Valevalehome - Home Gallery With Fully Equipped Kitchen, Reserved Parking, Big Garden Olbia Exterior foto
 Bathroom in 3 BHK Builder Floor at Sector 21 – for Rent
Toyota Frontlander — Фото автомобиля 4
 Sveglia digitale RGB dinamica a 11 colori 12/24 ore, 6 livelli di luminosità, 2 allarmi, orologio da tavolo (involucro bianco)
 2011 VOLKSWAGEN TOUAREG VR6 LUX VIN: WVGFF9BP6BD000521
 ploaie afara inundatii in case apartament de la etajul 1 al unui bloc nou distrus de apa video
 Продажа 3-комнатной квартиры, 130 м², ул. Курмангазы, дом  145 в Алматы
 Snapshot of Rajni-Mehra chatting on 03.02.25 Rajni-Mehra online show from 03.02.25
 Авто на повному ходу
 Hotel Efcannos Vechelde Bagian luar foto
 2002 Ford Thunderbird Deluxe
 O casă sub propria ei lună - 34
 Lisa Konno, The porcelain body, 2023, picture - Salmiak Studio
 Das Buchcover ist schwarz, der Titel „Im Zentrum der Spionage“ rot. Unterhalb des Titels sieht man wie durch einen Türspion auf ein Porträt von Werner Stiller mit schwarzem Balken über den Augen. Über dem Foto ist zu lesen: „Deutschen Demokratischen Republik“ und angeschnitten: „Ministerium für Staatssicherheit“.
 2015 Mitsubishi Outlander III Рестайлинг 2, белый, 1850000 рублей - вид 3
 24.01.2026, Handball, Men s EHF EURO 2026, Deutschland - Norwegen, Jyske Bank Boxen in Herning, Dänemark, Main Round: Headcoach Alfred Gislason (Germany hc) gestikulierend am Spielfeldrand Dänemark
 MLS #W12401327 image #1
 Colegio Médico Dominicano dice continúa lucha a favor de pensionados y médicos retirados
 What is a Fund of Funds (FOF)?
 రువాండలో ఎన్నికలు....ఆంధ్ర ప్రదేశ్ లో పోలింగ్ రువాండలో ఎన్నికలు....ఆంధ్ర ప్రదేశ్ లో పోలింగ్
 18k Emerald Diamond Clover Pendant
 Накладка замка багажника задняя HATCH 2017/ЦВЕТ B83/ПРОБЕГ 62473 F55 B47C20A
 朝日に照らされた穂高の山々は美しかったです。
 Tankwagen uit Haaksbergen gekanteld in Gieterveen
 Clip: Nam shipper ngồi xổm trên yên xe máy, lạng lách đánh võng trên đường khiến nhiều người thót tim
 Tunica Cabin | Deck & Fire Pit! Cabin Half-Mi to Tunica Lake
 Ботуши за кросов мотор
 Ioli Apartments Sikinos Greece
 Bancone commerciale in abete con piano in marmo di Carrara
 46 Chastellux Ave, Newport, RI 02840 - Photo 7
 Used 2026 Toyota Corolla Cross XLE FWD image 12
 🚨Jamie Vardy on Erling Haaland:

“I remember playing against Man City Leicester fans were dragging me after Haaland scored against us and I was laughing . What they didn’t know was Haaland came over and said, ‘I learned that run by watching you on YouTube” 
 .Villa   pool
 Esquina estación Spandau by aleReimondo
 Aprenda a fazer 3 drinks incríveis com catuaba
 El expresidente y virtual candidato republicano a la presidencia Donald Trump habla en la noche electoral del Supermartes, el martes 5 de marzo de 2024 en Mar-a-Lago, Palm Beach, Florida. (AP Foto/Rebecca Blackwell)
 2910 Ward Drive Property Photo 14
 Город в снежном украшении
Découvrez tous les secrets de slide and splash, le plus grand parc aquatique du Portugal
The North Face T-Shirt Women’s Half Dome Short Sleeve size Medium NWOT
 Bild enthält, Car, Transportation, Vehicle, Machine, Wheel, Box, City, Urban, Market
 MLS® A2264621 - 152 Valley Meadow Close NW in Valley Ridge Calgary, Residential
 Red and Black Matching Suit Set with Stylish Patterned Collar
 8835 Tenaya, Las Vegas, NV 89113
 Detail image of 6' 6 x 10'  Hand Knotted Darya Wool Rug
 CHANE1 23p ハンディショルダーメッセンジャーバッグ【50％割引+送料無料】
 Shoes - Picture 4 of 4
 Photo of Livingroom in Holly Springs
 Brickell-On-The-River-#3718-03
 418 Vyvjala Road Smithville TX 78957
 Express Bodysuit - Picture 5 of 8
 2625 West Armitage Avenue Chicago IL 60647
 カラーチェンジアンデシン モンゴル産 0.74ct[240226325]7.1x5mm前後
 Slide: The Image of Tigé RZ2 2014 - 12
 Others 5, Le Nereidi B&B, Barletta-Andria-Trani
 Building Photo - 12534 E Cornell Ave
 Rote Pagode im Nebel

■ **EXERCISE DIRECTIONS**
Among the entries above, find the line with "Tunica Cabin |" and the line with "MLS® A2264621 - 152"; give again exactly these two lines and all lines between them.

■ **ANSWER SPACE**
 Tunica Cabin | Deck & Fire Pit! Cabin Half-Mi to Tunica Lake
 Ботуши за кросов мотор
 Ioli Apartments Sikinos Greece
 Bancone commerciale in abete con piano in marmo di Carrara
 46 Chastellux Ave, Newport, RI 02840 - Photo 7
 Used 2026 Toyota Corolla Cross XLE FWD image 12
 🚨Jamie Vardy on Erling Haaland:

“I remember playing against Man City Leicester fans were dragging me after Haaland scored against us and I was laughing . What they didn’t know was Haaland came over and said, ‘I learned that run by watching you on YouTube” 
 .Villa   pool
 Esquina estación Spandau by aleReimondo
 Aprenda a fazer 3 drinks incríveis com catuaba
 El expresidente y virtual candidato republicano a la presidencia Donald Trump habla en la noche electoral del Supermartes, el martes 5 de marzo de 2024 en Mar-a-Lago, Palm Beach, Florida. (AP Foto/Rebecca Blackwell)
 2910 Ward Drive Property Photo 14
 Город в снежном украшении
Découvrez tous les secrets de slide and splash, le plus grand parc aquatique du Portugal
The North Face T-Shirt Women’s Half Dome Short Sleeve size Medium NWOT
 Bild enthält, Car, Transportation, Vehicle, Machine, Wheel, Box, City, Urban, Market
 MLS® A2264621 - 152 Valley Meadow Close NW in Valley Ridge Calgary, Residential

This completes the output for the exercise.